The 2 incompatibilities are:

as we can see with these errors raised when trying to deploy a PoAValidatorManager with Upgrades.deployTransparentProxy:

[FAIL: setup failed: revert: Upgrade safety validation failed:
✘  lib/teleporter/contracts/validator-manager/PoAValidatorManager.sol:PoAValidatorManager

      lib/teleporter/contracts/validator-manager/PoAValidatorManager.sol:24: Contract `PoAValidatorManager` has a constructor
          Define an initializer instead
          https://zpl.in/upgrades/error-001

      lib/teleporter/contracts/validator-manager/ValidatorMessages.sol: Linking external libraries like `ValidatorMessages` is not yet supported
          Use libraries with internal functions only, or skip this check with the `unsafeAllowLinkedLibraries` flag 
          if you have manually checked that the libraries are upgrade safe
          https://zpl.in/upgrades/error-006

FAILED]

Solving those doesn't seem too complicated:

  1. Remove the constructor
  2. Make the ValidatorMessages functions internal

Discussion and alternatives This might be a non-issue if you want ALL deployments of such contracts to be done through the Avalanche CLI (and not via Forge).

A workaround for the external libraries check would be to add @custom:oz-upgrades-unsafe-allow external-library-linking to all contracts.

Another alternative is to deploy the contracts more manually (deploy the implementation, then the proxy, etc.) but this is more error-prone.

Open questions

cam-schultz commented 1 week ago

Hi @Nuttymoon ,

What is the impact of removing the constructor that uses ICMInitializable?

This was a pattern that was introduced in ICTT to enable non-upgradeable versions of the upgradeable contracts through a thin shim, rather than repeating contract logic across separate contracts (such as Openzeppelin's openzeppelin-contracts and openzeppelin-contracts-upgradeable repos.

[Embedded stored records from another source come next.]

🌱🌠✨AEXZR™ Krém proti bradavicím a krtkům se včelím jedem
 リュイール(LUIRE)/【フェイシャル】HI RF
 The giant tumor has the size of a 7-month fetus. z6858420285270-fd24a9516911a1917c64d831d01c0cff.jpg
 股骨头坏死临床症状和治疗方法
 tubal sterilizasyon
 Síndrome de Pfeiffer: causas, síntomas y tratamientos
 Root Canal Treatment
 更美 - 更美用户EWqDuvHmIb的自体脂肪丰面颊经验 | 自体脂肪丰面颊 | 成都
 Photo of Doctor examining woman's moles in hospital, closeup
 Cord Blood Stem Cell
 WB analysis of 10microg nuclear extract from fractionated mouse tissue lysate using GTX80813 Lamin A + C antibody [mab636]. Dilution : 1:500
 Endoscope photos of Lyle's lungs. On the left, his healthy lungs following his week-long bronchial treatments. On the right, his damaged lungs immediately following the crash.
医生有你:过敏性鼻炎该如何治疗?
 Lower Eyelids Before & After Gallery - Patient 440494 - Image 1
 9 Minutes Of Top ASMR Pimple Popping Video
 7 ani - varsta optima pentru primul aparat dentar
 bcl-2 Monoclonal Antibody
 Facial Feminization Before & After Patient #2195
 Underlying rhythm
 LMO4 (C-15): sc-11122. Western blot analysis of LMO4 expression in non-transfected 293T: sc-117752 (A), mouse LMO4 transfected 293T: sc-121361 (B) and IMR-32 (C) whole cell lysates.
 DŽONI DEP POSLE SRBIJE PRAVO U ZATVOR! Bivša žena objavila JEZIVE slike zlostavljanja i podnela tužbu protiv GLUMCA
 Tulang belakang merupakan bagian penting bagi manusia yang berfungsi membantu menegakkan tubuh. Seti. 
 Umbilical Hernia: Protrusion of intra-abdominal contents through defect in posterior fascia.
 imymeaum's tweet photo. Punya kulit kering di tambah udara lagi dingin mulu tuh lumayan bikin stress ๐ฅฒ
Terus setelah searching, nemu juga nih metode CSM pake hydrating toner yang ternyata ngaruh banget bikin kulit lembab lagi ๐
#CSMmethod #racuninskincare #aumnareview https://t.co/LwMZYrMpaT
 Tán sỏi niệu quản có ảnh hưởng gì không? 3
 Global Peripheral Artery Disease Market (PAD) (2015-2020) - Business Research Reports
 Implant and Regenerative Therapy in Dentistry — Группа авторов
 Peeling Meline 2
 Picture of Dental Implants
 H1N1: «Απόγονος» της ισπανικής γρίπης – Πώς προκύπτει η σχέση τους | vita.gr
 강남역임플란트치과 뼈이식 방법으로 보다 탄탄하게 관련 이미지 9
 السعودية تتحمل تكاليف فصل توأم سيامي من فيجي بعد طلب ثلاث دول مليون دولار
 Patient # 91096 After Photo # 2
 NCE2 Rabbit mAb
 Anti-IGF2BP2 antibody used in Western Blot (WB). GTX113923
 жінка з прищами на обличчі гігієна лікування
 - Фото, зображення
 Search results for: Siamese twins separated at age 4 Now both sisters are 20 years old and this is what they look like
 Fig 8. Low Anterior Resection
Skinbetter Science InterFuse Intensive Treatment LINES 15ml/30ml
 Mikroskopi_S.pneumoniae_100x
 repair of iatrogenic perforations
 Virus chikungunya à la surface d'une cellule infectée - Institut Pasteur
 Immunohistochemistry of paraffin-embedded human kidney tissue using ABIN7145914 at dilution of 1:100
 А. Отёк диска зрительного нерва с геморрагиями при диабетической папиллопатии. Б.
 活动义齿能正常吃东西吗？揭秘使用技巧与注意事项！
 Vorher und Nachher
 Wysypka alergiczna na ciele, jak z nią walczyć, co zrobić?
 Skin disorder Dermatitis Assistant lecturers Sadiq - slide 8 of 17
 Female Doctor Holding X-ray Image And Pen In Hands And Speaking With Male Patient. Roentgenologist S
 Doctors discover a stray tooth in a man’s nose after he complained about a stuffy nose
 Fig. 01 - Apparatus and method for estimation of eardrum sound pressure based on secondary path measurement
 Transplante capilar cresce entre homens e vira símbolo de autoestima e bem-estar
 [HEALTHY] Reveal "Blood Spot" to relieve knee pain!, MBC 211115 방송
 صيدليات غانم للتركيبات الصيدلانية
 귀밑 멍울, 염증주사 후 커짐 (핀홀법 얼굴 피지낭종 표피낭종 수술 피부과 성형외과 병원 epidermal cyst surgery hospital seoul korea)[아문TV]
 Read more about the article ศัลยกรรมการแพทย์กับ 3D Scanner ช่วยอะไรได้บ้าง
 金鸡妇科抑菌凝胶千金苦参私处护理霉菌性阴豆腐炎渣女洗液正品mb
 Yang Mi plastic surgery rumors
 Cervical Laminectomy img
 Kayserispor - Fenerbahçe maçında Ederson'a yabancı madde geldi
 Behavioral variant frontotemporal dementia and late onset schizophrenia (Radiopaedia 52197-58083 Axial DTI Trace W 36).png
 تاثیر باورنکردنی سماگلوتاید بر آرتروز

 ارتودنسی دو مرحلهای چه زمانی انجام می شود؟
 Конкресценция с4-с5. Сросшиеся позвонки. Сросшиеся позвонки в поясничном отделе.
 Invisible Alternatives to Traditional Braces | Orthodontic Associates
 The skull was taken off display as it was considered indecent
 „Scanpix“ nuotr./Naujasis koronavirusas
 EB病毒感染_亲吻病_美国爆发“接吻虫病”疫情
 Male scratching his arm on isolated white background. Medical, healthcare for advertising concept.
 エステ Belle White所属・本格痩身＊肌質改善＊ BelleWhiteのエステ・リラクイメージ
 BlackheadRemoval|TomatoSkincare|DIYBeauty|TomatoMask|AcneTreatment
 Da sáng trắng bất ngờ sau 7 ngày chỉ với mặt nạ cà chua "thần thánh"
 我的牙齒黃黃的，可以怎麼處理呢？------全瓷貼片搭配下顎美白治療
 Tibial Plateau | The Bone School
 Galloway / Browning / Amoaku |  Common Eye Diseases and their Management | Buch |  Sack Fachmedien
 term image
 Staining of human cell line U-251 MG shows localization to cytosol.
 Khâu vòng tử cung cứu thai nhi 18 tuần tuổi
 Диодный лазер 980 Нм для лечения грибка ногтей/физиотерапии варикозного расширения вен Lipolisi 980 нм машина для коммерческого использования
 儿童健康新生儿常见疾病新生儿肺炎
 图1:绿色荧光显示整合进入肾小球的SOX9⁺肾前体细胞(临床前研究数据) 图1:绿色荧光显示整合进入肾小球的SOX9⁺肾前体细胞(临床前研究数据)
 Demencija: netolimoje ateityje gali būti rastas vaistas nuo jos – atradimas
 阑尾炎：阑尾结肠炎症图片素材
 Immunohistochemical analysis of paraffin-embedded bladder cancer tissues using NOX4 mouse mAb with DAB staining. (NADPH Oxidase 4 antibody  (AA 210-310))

This was a major boon to supporting both the upgradeable and non-upgradeable use cases while the contracts were under heavy active development.

We don't currently support the non-upgradeable case for the ValidatorManager contracts, so removing the constructors here is certainly on the table, especially if it improves the dev-x.

Is there any downside to making the ValidatorMessages functions internal?

External library support is imperative to reducing the contract size to stay under the EIP-170 contract size limit that's enforced by Subnet EVM chains as well as the C-Chain. We could replace external libraries with standalone contracts, but that would only complicate the deployment process for the same end result. I think skipping this check as you described is reasonable.

minghinmatthewlam commented 1 week ago

Another add on to @cam-schultz 's point above, OZ in their upgradeable contracts recommend calling _disableInitializers in the constructor https://docs.openzeppelin.com/upgrades-plugins/1.x/writing-upgradeable#initializing_the_implementation_contract.

Nuttymoon commented 1 week ago

@minghinmatthewlam
Another add on to @cam-schultz 's point above, OZ in their upgradeable contracts recommends calling _disableInitializers in the constructor https://docs.openzeppelin.com/upgrades-plugins/1.x/writing-upgradeable#initializing_the_implementation_contract.

Indeed. Adding @custom:oz-upgrades-unsafe-allow constructor on top of the constructor should work. But I guess it would make sense to always call _disableInitializers instead of using the ICMInitializable logic.